Quem não morreu na Espanhola? - Memórias de Nelson Rodrigues no Correio da Manhã

segunda-feira, 6 de abril de 2020.
Notícia
Nelson Rodrigues
A epidemia de gripe espanhola, que assolou o mundo em 1918, marcou a infância do então menino Nelson Rodrigues. Com 6 anos à época, morador da Aldeia Campista, zona norte do Rio de Janeiro, o futuro escritor vivenciou com seus olhos de criança a transformação da cidade, a mais atingida no país pela gripe. Quando em 1967 começou a escrever suas memórias, em crônicas diárias para o jornal Correio da Manhã, essas lembranças foram abordadas em vários trechos, em especial nos capítulos XI e XII, publicados em 8 e 9 de março.

"Morrer na cama era um privilégio abusivo e aristocrático. O sujeito morria nos lugares mais impróprios, insuspeitados: - na varanda, na janela, na calçada, na esquina, no botequim. Normalmente, o agonizante põe-se a imaginar a reação dos parentes, amigos e desafetos. Na Espanhola não havia reação nenhuma. Muitos caíam, rente ao meio-fio, com a cara enfiada no ralo. E ficavam, lá, estendidos, não como mortos, mas como bêbados. Ninguém os chorava, ninguém”.
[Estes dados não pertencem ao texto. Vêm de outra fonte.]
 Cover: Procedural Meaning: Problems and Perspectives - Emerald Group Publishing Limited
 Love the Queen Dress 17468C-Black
A morte pela gripe era ainda mais triste por ser solitária. Se em outras crônicas Nelson descreve tão bem os velórios e cortejos fúnebres da época, que o encantavam, o que destaca nessas é a impossibilidade de qualquer ritual de despedida e a abrangência da epidemia, que não poupou nem mesmo o presidente eleito Rodrigues Alves.
"Ora, a gripe foi, justamente, a morte sem velório. Morria-se em massa. E foi de repente. De um dia para o outro, todo mundo começou a morrer. Os primeiros ainda foram chorados, velados e floridos. Mas quando a cidade sentiu que era mesmo a peste, ninguém chorou mais nem velou, nem floriu. O velório seria um luxo insuportável para os outros defuntos. Era em 1918. A morte estava no ar e repito: - difusa, volatizada, atmosférica; todos a respiravam."
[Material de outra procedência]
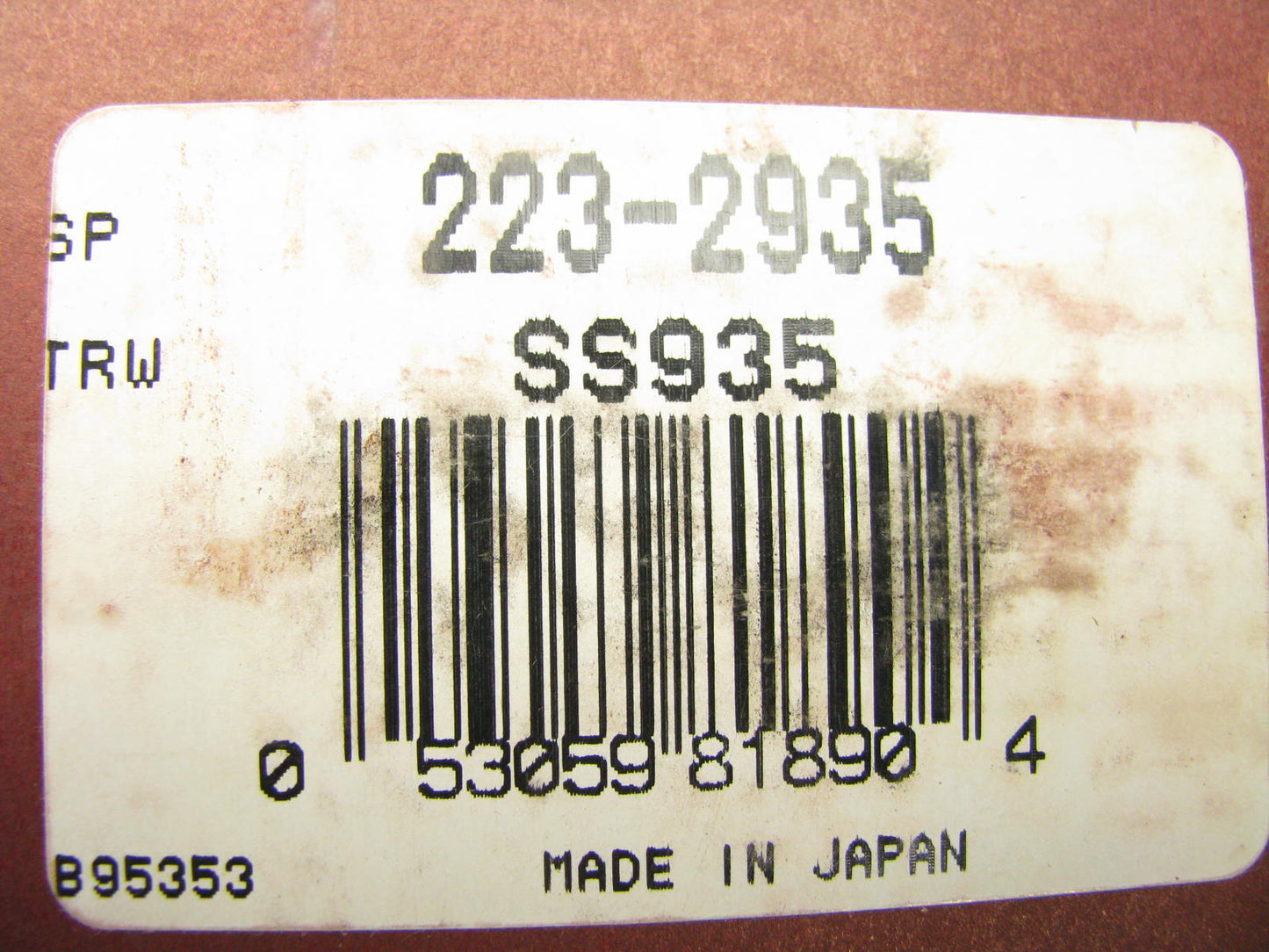 Sealed Power 223-2935 Engine Timing Camshaft Sprocket For 1981-85 Mazda GLC 1.5L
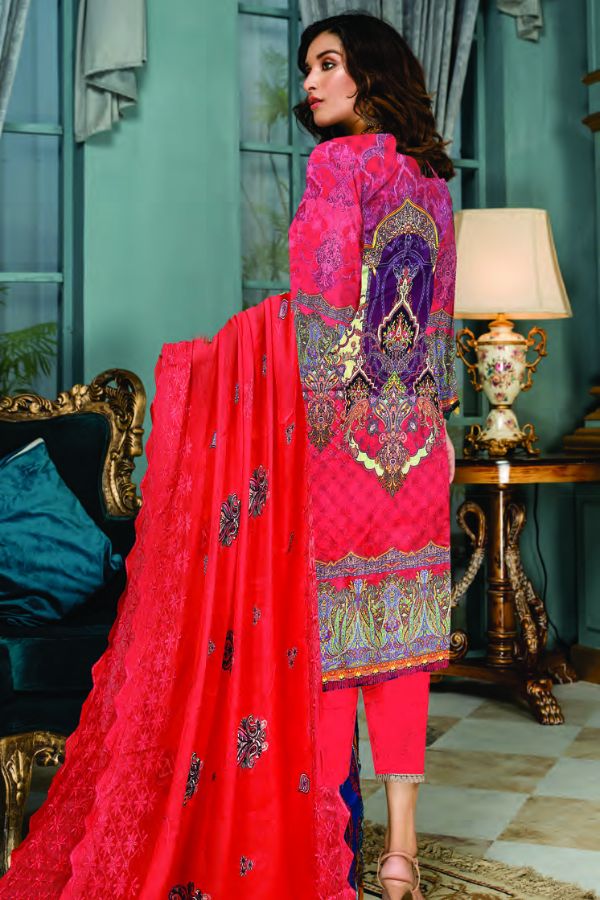 Zaib Tan Luxury Emb Lawn`22 (Vol-3) D#09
"De repente, passou a gripe. Ninguém pensava nos mortos atirados nas valas, uns por cima dos outros. Lá estavam, humilhados e ofendidos, numa promiscuidade abjecta. A peste deixara nos sobreviventes, não o medo, não o espanto, não o ressentimento, mas o puro tédio da morte. Eu me lembro de um vizinho perguntando: -"Quem não morreu na Espanhola?"
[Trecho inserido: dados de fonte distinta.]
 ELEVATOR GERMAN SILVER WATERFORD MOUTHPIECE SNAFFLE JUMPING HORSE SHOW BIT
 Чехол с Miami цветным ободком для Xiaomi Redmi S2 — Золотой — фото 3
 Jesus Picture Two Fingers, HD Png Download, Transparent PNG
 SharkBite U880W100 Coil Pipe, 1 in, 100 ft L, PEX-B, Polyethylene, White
A primeira parte das Memórias de Nelson Rodrigues foi publicada em livro pelo Correio da Manhã, com o subtítulo "A menina sem estrela". Considerada por muitos estudiosos e críticos como a melhor coisa já escrita pelo autor, esta primeira edição esgotada tornou-se item de colecionador. Apenas em 1994 todas as crônicas foram reunidas e editadas em livro novamente, também esgotado. Mas as memórias podem ser lidas diretamente no Correio da Manhã, na Hemeroteca Digital.